Also, environmental consciousness was quite big in the early nineties in Sweden. In the eighties it had been almost forgotten, and my parents were weird and fringe for having all of those Greenpeace magazines and stuff.

What are some of the actions you took yourself, early on?

My parents were also members of Swedish environmental organisation similar to Forest & Bird, but more oriented around activism and environmental protection. When I was around ten, I joined the youth group within that – they only allowed people between the ages of 7 and 26 – so at 13 you’re a full member, and at 26 you get kicked out and offered an adult membership. So everything is organised by young people, all the decision-making is quite radical because at 13 you’re like, ‘We can do this so much better!’

So I started to get really active from around 12 or 13. We worked in groups of about ten, of kids from about 4 villages in our area. We did a lot of climate stuff – leafleting, holding demonstrations outside supermarkets and at traffic lights, occupying carparks with bicycles. We set up a youth centre in an abandoned factory – that was a lot of meetings, thinking. And adults looking at you when you’re a kid being really active, and going, ‘Oh, that’s so cute. In a couple of years, they’ll be cynical too.’ And we were like – ‘No!’

Then when I was 14 or 15 I moved into the district area, and was on the organisation council for the district. That was when they were building the motorway from Gothenburg to Oslo on the west coast of Sweden, and we were teaming up with other more green-and-black organisations – more anarchist, deep green resistance organisations. We put sand in the tanks of the machines, some people were chaining themselves to the trees. Nature protection stuff.

So you also knew early on to spot the difference between greening capitalism and real resistance.

I’ve been through different phases of understanding that.
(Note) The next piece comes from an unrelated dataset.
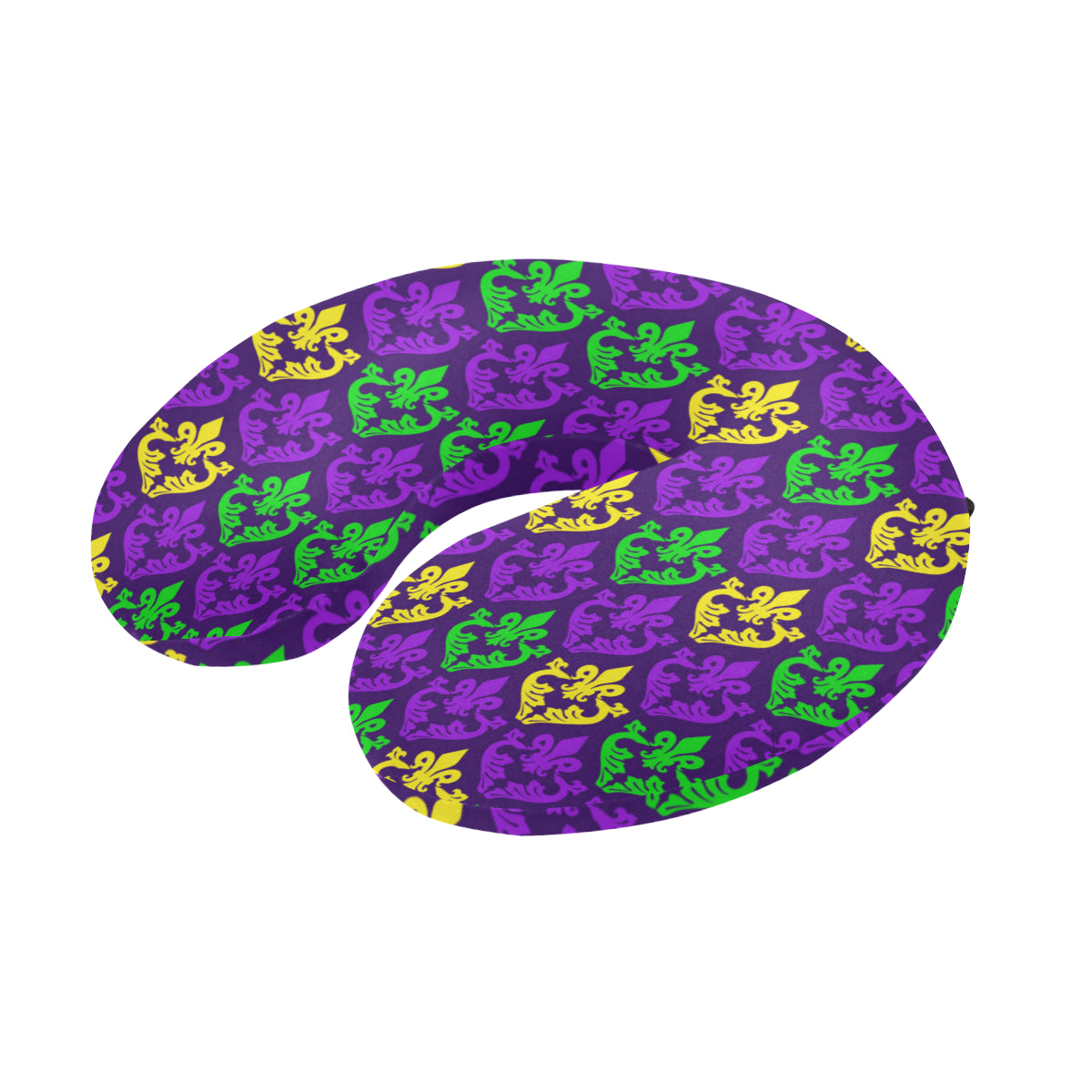 Mardi Gras Pattern Print Design 02 U-Shaped Travel Neck Pillow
When I went to France when I was 18, I discovered how in France there’s this mainstream society – and then a green fringe. So you have 100% organic stores, and no organic foods in the supermarket. You had 5% of people sorting their waste, and most throwing it on the landfill.

Whereas in Sweden, it’s always been a consensus thing. So, Sweden’s seen a campaign around chlorine-bleached toilet paper, because it’s something that everyone can agree on: we don’t need our toilet paper bright white and perfumed. Since then, there’s none of that toilet paper in Sweden. Slowly, all the supermarkets have organic milk, fair trade bananas, organic carrots, coffee, chocolate – the staples, the things everyone can agree on. These things are really bad, so let’s do this, together. Whereas in France there’s more argument, and, “who are you to police me.”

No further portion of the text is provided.